— Леонид Петрович, можно понять гоголевских чувствительных дам, которые «облегчали нос посредством платка». Труднее понять бывалых чиновников, именующих бедных — социально незащищенными, а издевательства над солдатами — неуставными отношениями. Может, есть в этом какая-то высшая государственная мудрость?
— Мудрость простая — закамуфлировать, прикрыть существо дела. Зачем говорить «повышение цен»? «Либерализация» — лучше, люди не сразу поймут. Это старая советская традиция, когда расстрел заменяли «высшей мерой социальной защиты» — получалось велеречиво и туманно. Компетентные органы вместо КГБ, учреждение вместо тюрьмы, спецконтингент, спецхран и спецполиклиника — за всем этим кроются явления, которые власть старалась не афишировать. Сняли чиновника с работы — рассмотрели организационный вопрос. О советских солдатах, воевавших в Афганистане, — воины-интернационалисты, дружеская помощь, ограниченный контингент. То же происходит и сейчас: «Возникли определенные проблемы в межнациональных отношениях». Хотя на самом деле — поножовщина и убийства, но люди поняли: какая-то ерунда, очередные проблемы…
Эвфемизм в переводе с греческого означает «хорошо говорить». Он призван вуалировать, маскировать суть явлений, которые говорящему представляются грубыми или нетактичными: скончаться вместо умереть, говорить неправду вместо врать. Чиновники и политики часто используют такой язык, чтобы не называть неприятные вещи своими именами. Скажем, работа идет, но результатов нет. Факт неприятный. А сказать; что есть определенные подвижки, — впечатление уже другое. Отсюда же и всевозможные антитеррористические операции, наведение конституционного порядка вместо войны и тому подобные канцелярские красоты.

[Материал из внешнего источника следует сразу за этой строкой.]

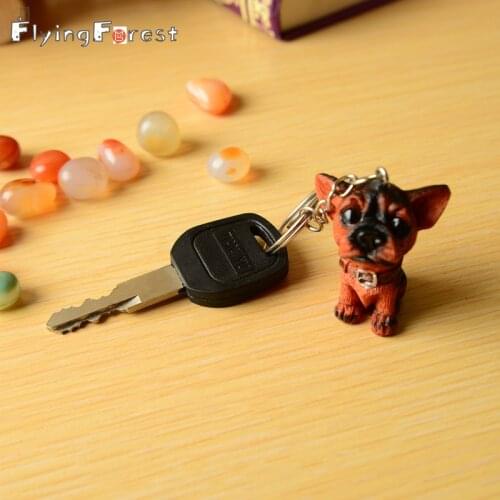 2019 Lovely Doberman Dog Keychain Animal Dogs Key Chain Keyring Jewelry Bag Charm Gifts For Best Friend Pet Lovers Keychain Car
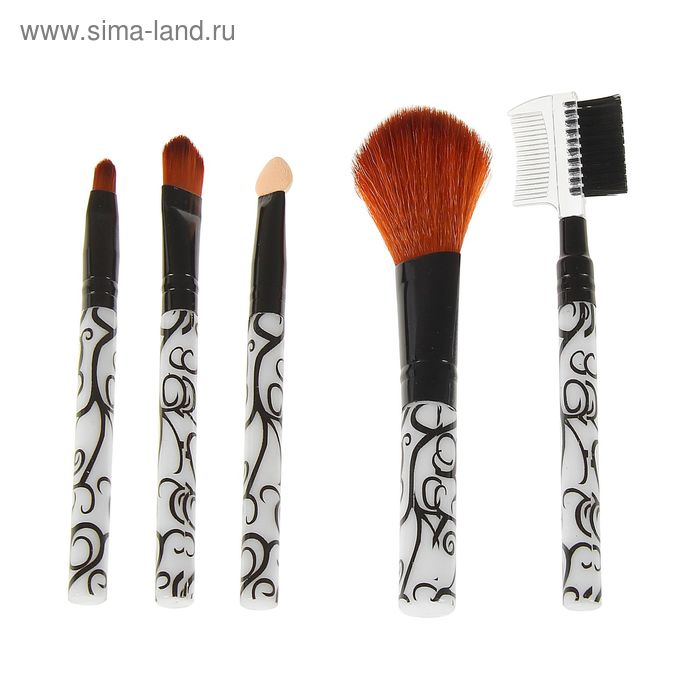 Набор кистей для макияжа "Завитки", 5 предметов, цвет чёрно-белый - Фото 1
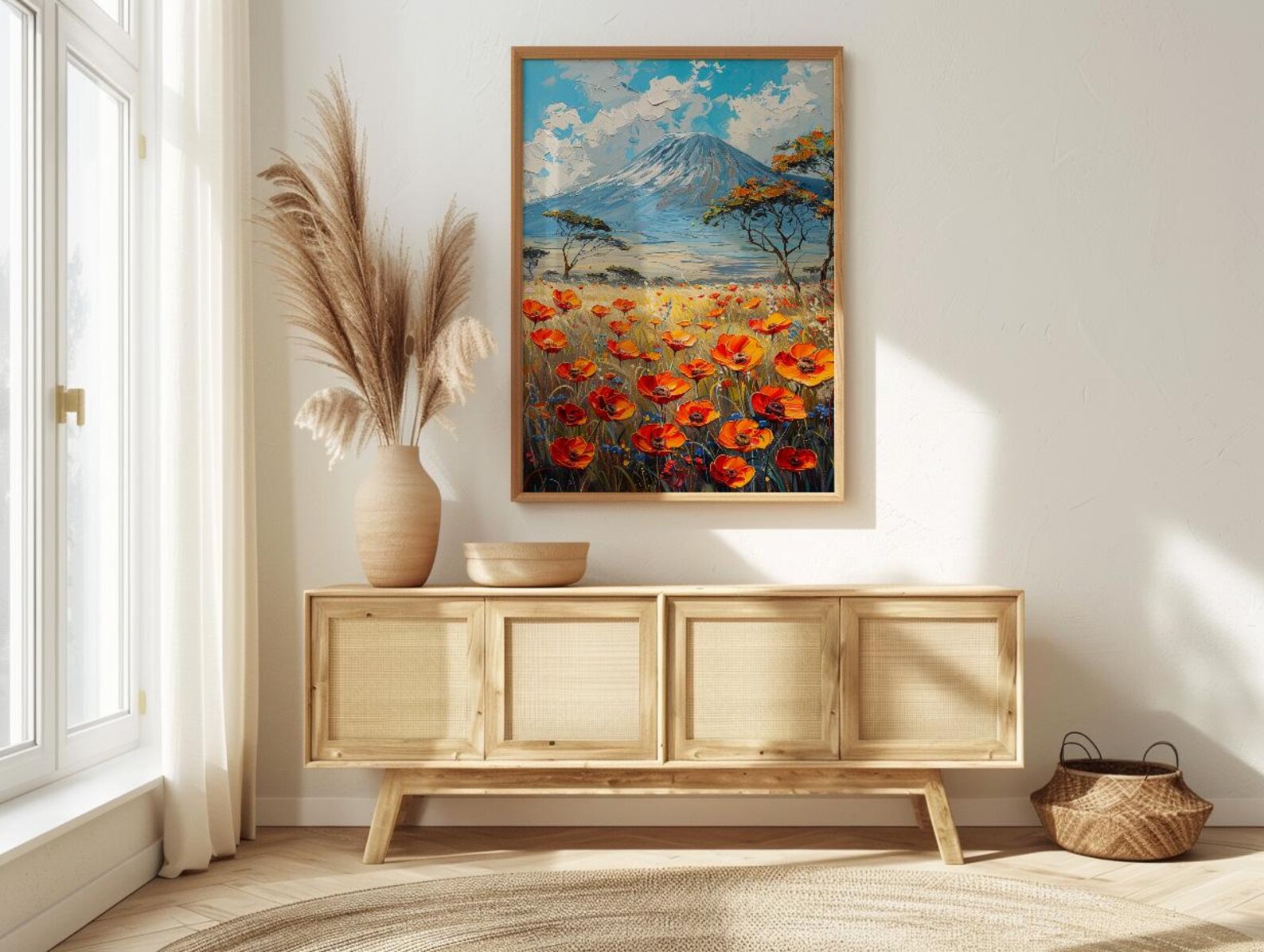 Kilimanjaro Wall Art, Blooming Savanna Decor - Majestic Mountain Print — view 2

Впрочем, бывает, что таким способом пытаются поднять престиж профессии. И человек уже не надзиратель, а контролер, не палач, а исполнитель, не ассенизатор, а оператор очистных работ.
— Насколько серьезно эти изобретения влияют на наш язык?
— Во всяком случае, бесследно не проходят. Ведь чиновничий язык включает в себя не только эвфемизмы, но и своеобразные словечки: обговорить вместо обсудить, конкретика («Наполним планы конкретикой!»), задействовать, озвучить… Журналисты включают такие монологи в свои тексты, и безграмотность становится привычной. Чего стоит хотя бы безоглядное использование предлога по: договорились по Газпрому, по Чубайсу уже обсуждали.
— Есть и любимые обороты — всевозможные будем так говорить, единое пространство (от рублевого до информационного), непредсказуемыe последствия… Почему такие изобретения стали привычными?